You can use a combination of calling select() in a DataFrame and a user-defined function (UDF) to transform the column in question.
import org.apache.spark.sql.SQLContext import org.apache.spark.{SparkContext, SparkConf} import org.apache.spark.sql.functions._
The case class to set the example DataFrame .
private case class Cust(id: Integer, name: String, sales: Double, discount: Double, state: String)
Then configure a SQLContext and create a DataFrame as follows:
import sqlContext.implicits._ val custs = Seq( Cust(1, "Widget Co", 120000.00, 0.00, "AZ"), Cust(2, "Acme Widgets", 410500.00, 500.00, "CA"), Cust(3, "Widgetry", 410500.00, 200.00, "CA"), Cust(4, "Widgets R Us", 410500.00, 0.0, "CA"), Cust(5, "Ye Olde Widgete", 500.00, 0.0, "MA") ) val customerDF = sc.parallelize(custs, 4).toDF()
Register a simple UDF that you will use to convert the discount column.
val myFunc = udf {(x: Double) => x + 1}
Get the columns by applying UDF to the discount column and leaving the rest as they were.

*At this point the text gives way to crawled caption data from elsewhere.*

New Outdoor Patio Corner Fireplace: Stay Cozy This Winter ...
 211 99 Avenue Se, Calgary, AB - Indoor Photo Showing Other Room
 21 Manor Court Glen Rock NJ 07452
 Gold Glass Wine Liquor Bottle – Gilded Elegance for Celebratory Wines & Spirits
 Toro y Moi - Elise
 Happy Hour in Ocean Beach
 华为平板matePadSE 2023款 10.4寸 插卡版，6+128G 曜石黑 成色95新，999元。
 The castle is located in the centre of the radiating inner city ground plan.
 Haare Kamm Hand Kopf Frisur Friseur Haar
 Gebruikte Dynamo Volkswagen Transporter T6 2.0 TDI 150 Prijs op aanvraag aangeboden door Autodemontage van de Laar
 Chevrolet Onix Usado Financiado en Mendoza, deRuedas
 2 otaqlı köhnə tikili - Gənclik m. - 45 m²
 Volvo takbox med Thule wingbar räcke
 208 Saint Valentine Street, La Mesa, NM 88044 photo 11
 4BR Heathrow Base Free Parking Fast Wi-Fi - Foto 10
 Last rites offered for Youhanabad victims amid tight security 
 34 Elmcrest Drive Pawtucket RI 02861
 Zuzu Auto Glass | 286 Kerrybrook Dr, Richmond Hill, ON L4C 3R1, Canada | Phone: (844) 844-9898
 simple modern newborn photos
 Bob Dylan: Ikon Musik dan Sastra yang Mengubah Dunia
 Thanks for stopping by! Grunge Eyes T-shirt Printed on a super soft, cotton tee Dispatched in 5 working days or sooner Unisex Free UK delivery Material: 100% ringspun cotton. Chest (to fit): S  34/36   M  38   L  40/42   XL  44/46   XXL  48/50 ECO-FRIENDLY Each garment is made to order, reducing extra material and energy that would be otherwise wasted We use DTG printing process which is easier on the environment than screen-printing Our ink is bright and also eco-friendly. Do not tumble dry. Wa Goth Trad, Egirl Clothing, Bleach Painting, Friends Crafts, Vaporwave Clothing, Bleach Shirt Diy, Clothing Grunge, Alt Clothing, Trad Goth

val colNames = customerDF.columns val cols = colNames.map(cName => customerDF.col(cName)) val theColumn = customerDF("discount")
I would like to find the βbestβ way to map the column, but the following works. Use as() to give the column a new name just because we can!
val mappedCols = cols.map(c => if (c.toString() == theColumn.toString()) myFunc(c).as("transformed") else c)
Use select () to create a new DataFrame
val newDF = customerDF.select(mappedCols:_*)
You changed
id name sales discount state 1 Widget Co 120000.0 0.0 AZ 2 Acme Widgets 410500.0 500.0 CA 3 Widgetry 410500.0 200.0 CA 4 Widgets R Us 410500.0 0.0 CA 5 Ye Olde Widgete 500.0 0.0 MA
in
id name sales transformed state 1 Widget Co 120000.0 1.0 AZ 2 Acme Widgets 410500.0 501.0 CA 3 Widgetry 410500.0 201.0 CA 4 Widgets R Us 410500.0 1.0 CA 5 Ye Olde Widgete 500.0 1.0 MA
Here you can find the complete source code example. You can make it easier if you are not fussy about the exact replacement of a column.